--> ABSTRACT: Rapid Subsidence in the Nile Delta and the Effects of a Mobile Depositional Surface on Stratigraphic Facies Development, by Daniel Jean Stanley; #91030 (2010)

Datapages, Inc.Print this page

Rapid Subsidence in the Nile Delta and the Effects of a Mobile Depositional Surface on Stratigraphic Facies Development

Daniel Jean Stanley

Radiocarbon-dated late Quaternary sedimentary sections serve as a base to quantify high rates of subsidence in the northern Nile delta of Egypt. Measurements of recent vertical shifts of land relative to the sea, coupled with eustatic changes, are used to interpret temporal and spatial facies distribution patterns and delta lobe migration in the major recent depocenter in the eastern Mediterranean. The study is based largely on cores, collected during two drilling expeditions, which recovered material deposited during the past 30,000 years. These borings, plus an additional 50 core logs, allow good correlation for the region around Lake Manzala. There, variable thicknesses of Holocene marine and fluvio-marine units lie above transgressive coastal sands (upper Pleistocene o lower Holocene) and older alluvial delta-plain deposits. Mapping of these facies shows that the top of the transgressive sand becomes younger (to ~ 7,000 years ago) and shallower toward the south of the present coastline. Progradation of delta lobes began about 8,000 years ago, and the coastline has advanced northward at a rate of approximately 1 km/100 years.

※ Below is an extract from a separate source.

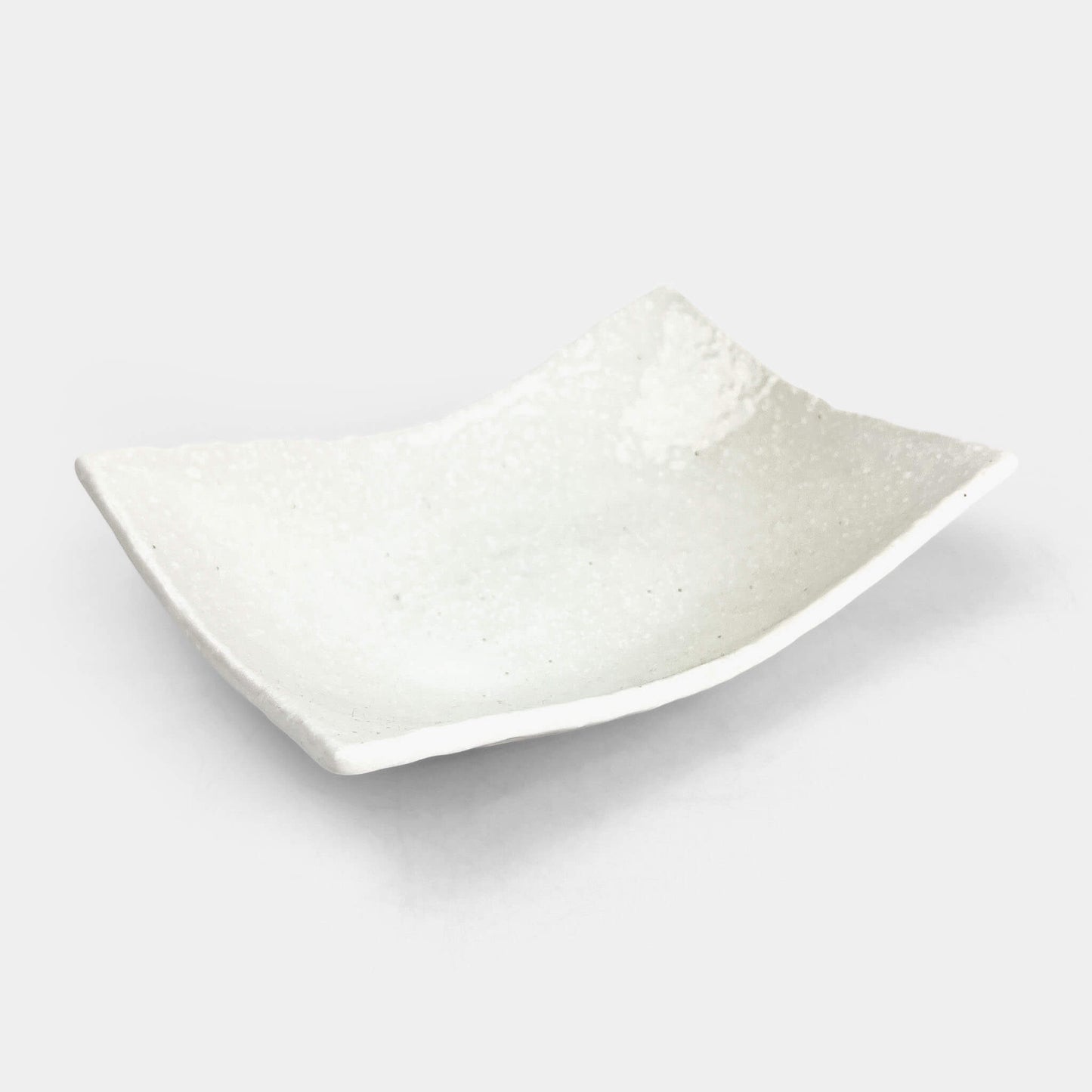 Rec. Plate Kobiki (7" x 5")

Lake Manzala lies almost directly above, and is clearly related to, a 60-km long, narrow, linear northwest-southeast region of rapid subsidence; its axis trends parallel to, but is 10-15 km inland of, the present coastline. Holocene coastal and marine sediments lie at depths of 50 m, suggesting a lowering of land relative to the sea of about 40 cm per century. This linear zone, probably the surface expression of a growth fault, has been highly active during deposition. Similar neotectonic dislocation of sedimentary sections underlying the other lakes and lagoons in the northern delta is postulated. Facies patterns have been more extensively affected by rapid subsidence in the Nile delta than previously indicated.

AAPG Search and Discovery Article #91030©1988 AAPG Annual Convention, Houston, Texas, 20-23 March 1988.